Records supplied:

◆ ◆ ◆ ◆ ◆ ◆ ◆

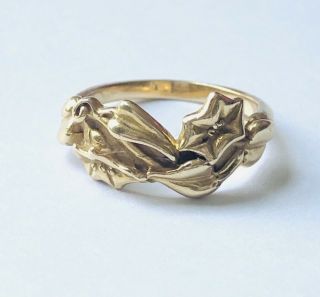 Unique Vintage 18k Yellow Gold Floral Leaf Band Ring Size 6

◆ ◆ ◆ ◆ ◆ ◆ ◆

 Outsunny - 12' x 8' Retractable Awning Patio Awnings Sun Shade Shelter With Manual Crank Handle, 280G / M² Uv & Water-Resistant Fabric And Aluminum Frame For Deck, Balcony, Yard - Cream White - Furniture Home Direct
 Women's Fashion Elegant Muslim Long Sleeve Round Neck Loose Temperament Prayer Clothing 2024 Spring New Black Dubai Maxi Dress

◆ ◆ ◆ ◆ ◆ ◆ ◆

What you will do:
What you give back must be the stretch above, starting at the line with "Outsunny - 12'" and ending at the line with "Women's Fashion Elegant", copied exactly.

Response box:
 Outsunny - 12' x 8' Retractable Awning Patio Awnings Sun Shade Shelter With Manual Crank Handle, 280G / M² Uv & Water-Resistant Fabric And Aluminum Frame For Deck, Balcony, Yard - Cream White - Furniture Home Direct
 Women's Fashion Elegant Muslim Long Sleeve Round Neck Loose Temperament Prayer Clothing 2024 Spring New Black Dubai Maxi Dress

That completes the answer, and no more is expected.